There are an estimated 17,000 RIA firms in the U.S., according to LLR Partners, a middle-market private equity firm. Collectively, these firms manage $5 trillion in assets. LLR’s research suggests that RIAs have expanded their market share from 17 percent to 29 percent over the past 15 years. Assets under management have grown at a compounded annual rate of 11 percent over the past ten years.

The RIA structure gives advisors more autonomy and a greater share of revenue than working for a large wirehouse or broker-dealer. Meanwhile, regulatory changes have made the RIA fiduciary model more attractive for clients and advisors, according to a survey conducted by TD Ameritrade. This is why growth in the segment is expected to continue for the foreseeable future.

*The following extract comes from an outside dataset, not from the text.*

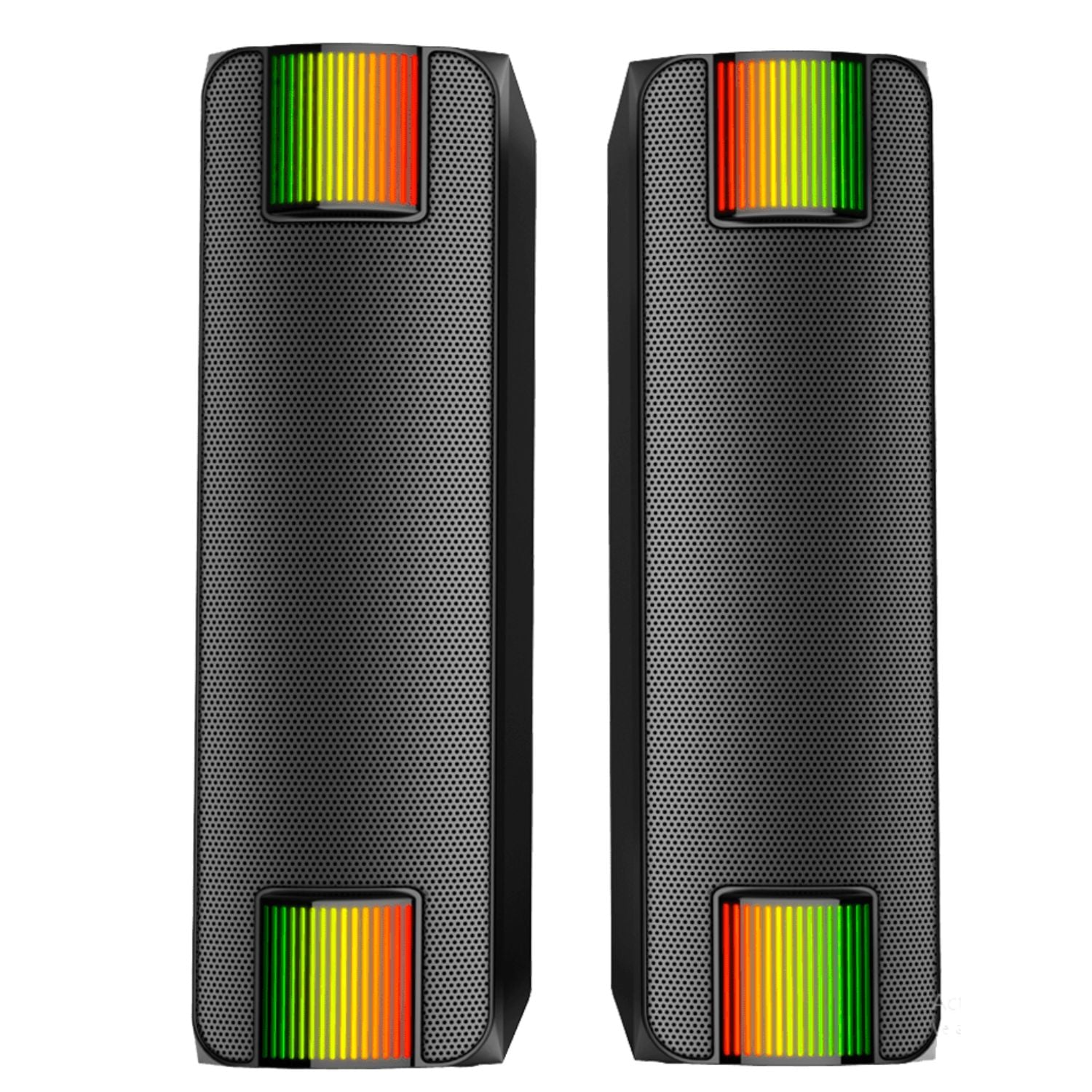 PARLANTE 2,1 HALION SATURNO HA R54 300 WATTS AMPLIFICADOR CLASE D SONIDO PRO - 3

However, the industry is severely fragmented. The vast majority of RIA firms (roughly 94 percent) manage less than $1 billion in assets. That presents an opportunity for industry veterans like Peter Mallouk. Mallouk is the CEO of Creative Planning, a Kansas-based RIA with over $235 billion in AUM. For much of its history, Creative Planning has expanded organically. Recently, the team has been more engaged in M&A to drive growth.

“There is rapid consolidation taking place and many smaller firms are finding the landscape becoming far more competitive,” says Mallouk. “They are commanding a good valuation as the bigger players angle to become leaders in the space and this window will eventually close. I think many realize this and are trying to find a good partner to realize value and also become more competitive.”

Mallouk’s team has completed 15 deals in the past eight months, adding over $135 billion in additional AUM over that period. The recent market downturn has substantially expanded his pool of potential targets. “Valuations have softened a bit, partially due to the flood of firms selling, but they are still holding up. I expect valuations to soften substantially as rates rise and even more firms come to the market,” says Mallouk.

Creative Planning isn’t the only one in the race. Giants such as Focus Financial Partners, Wealth Enhancement Group (WEG), Mercer Global Advisors, Captrust, HighTower Advisors, and CI Financial completed a record-breaking 78 RIA deals last year alone, according to Echelon Partners RIA M&A Deal Report.

Rapid consolidation in a market with robust organic growth could unlock immense value for these dealmakers.